According to the Bureau of Labor Statistics, 542,000 workers earned the federal minimum wage of $7.25 per hour in 2017, with roughly 1.3 million workers earning less. Combined, these 1.8 million workers comprise 2.3 percent of the 80.4 million workers in the U.S. who earn hourly wages.
Doubling the minimum wage to $15 per hour would impact the cost of labor of this group of workers by approximately 107 percent, NFIB states.
NFIB emphasizes that small businesses would suffer the most, and disproportionately compared to other businesses because small employers are less likely to have cash reserves or profit margins to absorb the increase in labor costs than larger businesses. As a result, more than 1.6 million jobs would be gone by 2029 – more than half of them would be private sector small business jobs, according to the report.

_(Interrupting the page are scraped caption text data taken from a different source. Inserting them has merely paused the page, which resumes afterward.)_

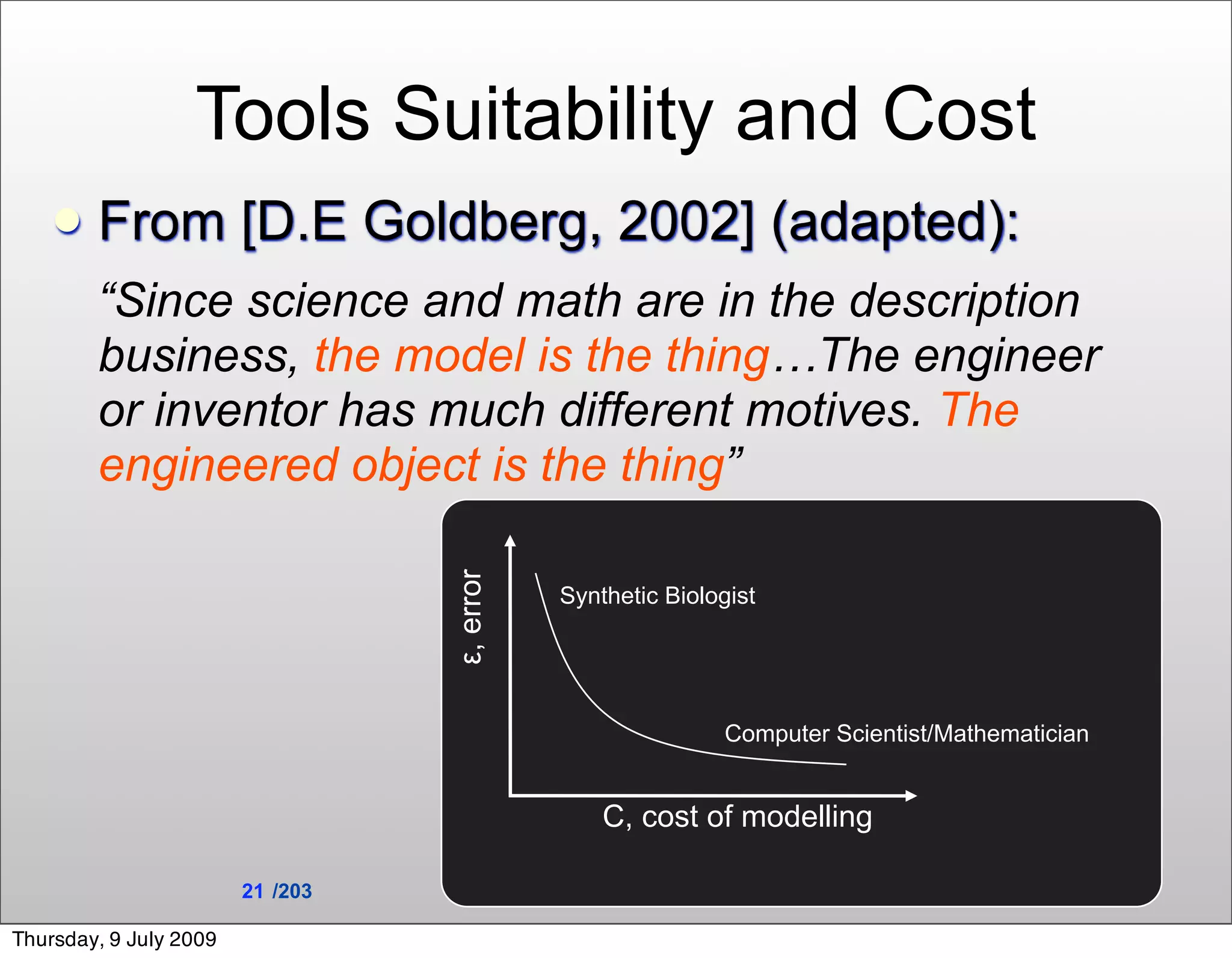 Tools Suitability and Cost
       From [D.E Goldberg, 2002] (adapted):
        “Since science and math are in the description
        business, the model is the thing…The engineer
        or inventor has much different motives. The
        engineered object is the thing”
                                  ε, error



                                             Synthetic Biologist




                                                             Computer Scientist/Mathematician


                                                 C, cost of modelling

                        21 /203

Thursday, 9 July 2009
 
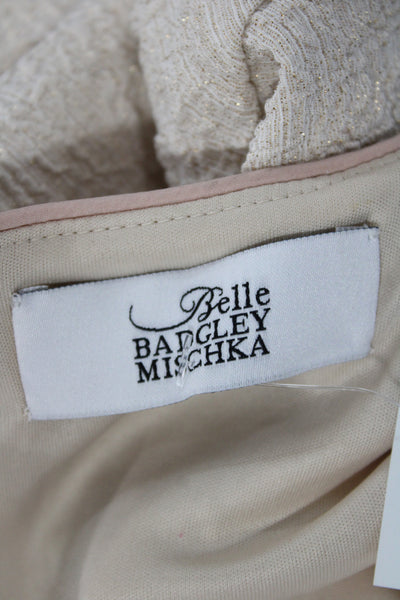 Belle Badgley Mischka Womens Cropped Blouse Beige 3/4 Sleeve Zip Poly Size 4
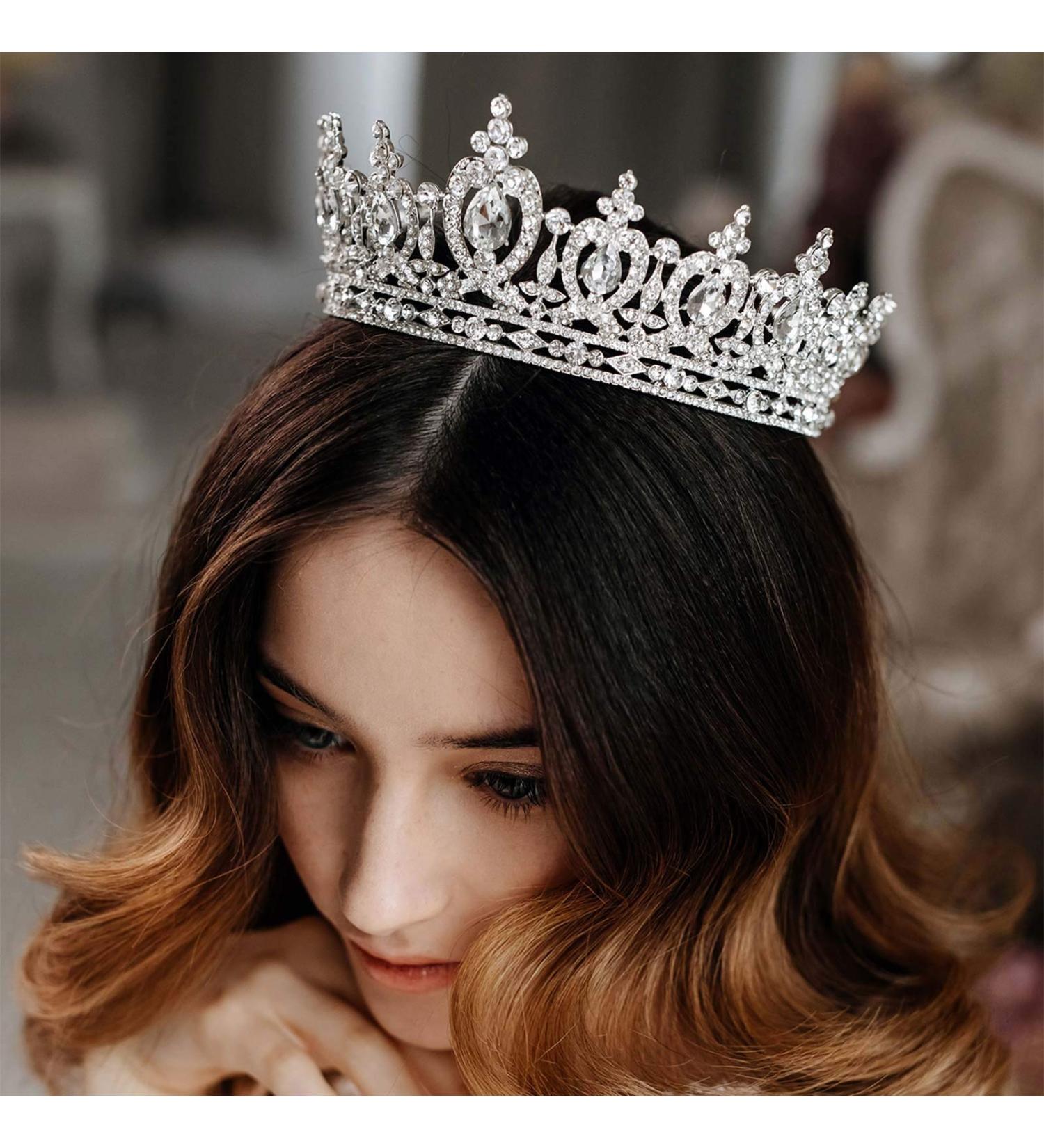 AW BRIDAL Crystal Wedding Tiara Crown - Rhinestone Queen Crown for Women - Silver Bridal Party Hair Accessory - Buy Online on GoSupps.com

Employment sectors hit the hardest, they say, include retail, food service and administrative support industries, accounting for more than 392,000 lost jobs, or 24 percent of total forecasted lost jobs. Retail trade would lose more than 162,000 jobs by 2029; food services more than 165,000, and administrative and support services more than 85,000.
“While low-wage workers able to find or retain a job would benefit from the proposed legislation, such gains come at the expense of a very large number of low-wage workers who would lose their jobs due to businesses unable to absorb the costs of a higher minimum wage, resulting in net negative employment and output effects,” the authors maintain.

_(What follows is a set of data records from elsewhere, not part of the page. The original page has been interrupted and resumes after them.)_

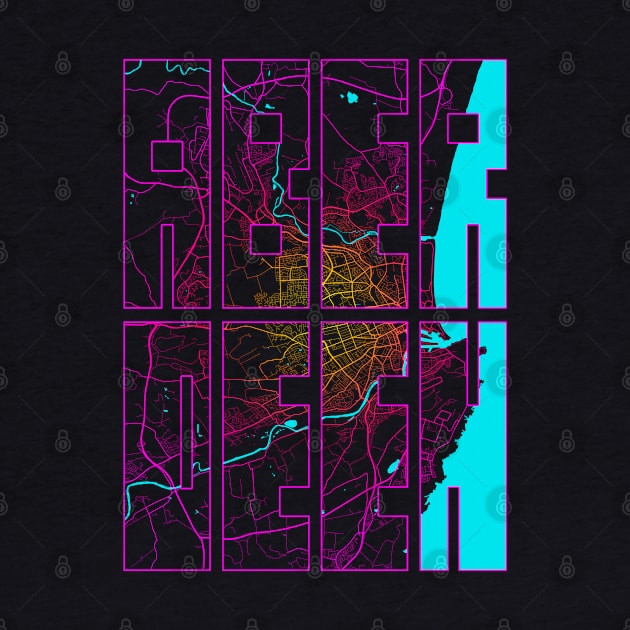 Aberdeen, Scotland City Map Typography - Neon by deMAP Studio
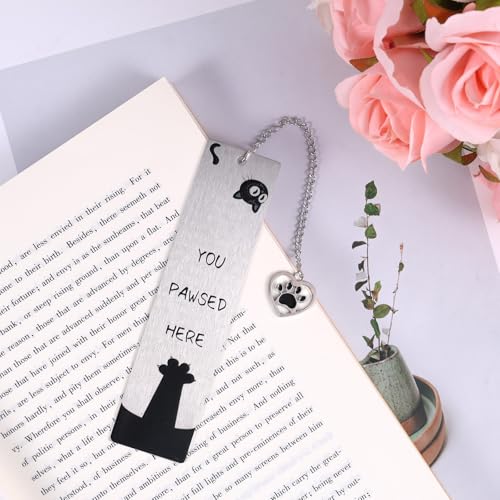Black Inspirational Funny Cute Cat Bookmark for Reading Women - style: Cat Paw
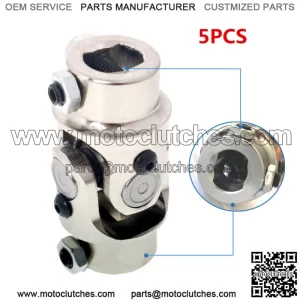 Steering U Joint Coupler Chrome Single U-Joint Shaft 3/4" DD X 3/4" DD 5PC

And the minimum wage bill would not improve the economic situation of this group of low-wage workers, other economists have argued for more than a decade.
In 2005, economists David Neumark of the University of California-Irvine, Mark Schweitzer of the Federal Reserve Bank of Cleveland, and William Wascher of the Federal Reserve Board examined the effects of the minimum wage on the incomes of the families living near the poverty line. In a series of papers, they reported that a higher minimum wage did not move these families out of poverty.
Ten years later, their findings had not changed. Writing for the Federal Reserve Bank of San Francisco in 2015, Neumark explained, “Setting a higher minimum wage seems like a natural way to help lift families out of poverty. However, minimum wages target individual workers with low wages, rather than families with low incomes. As a result, a large share of the higher income from minimum wages flows to higher-income families. Other policies that directly address low family income, such as the earned income tax credit, are more effective at reducing poverty.”
Eventually, the federal minimum wage would surpass or equal all existing state minimum wages by the end of NFIB’s forecast window, “resulting in increased wage costs for employers in virtually all states,” Chow and Bettencourt add.
In 2016, Sherk estimated each state’s job losses if a $15 per hour minimum wage were implemented. He projected New York would lose 400,000 full-time equivalent (FTE) jobs; Illinois, more than 300,000 jobs; Arizona and Indiana 200,000 jobs each.
North Carolina, Ohio and Pennsylvania would each lose 300,000 FTE jobs, he predicted. Louisiana, Michigan, Missouri, Tennessee, and Virginia would each lose roughly 200,000 FTE jobs.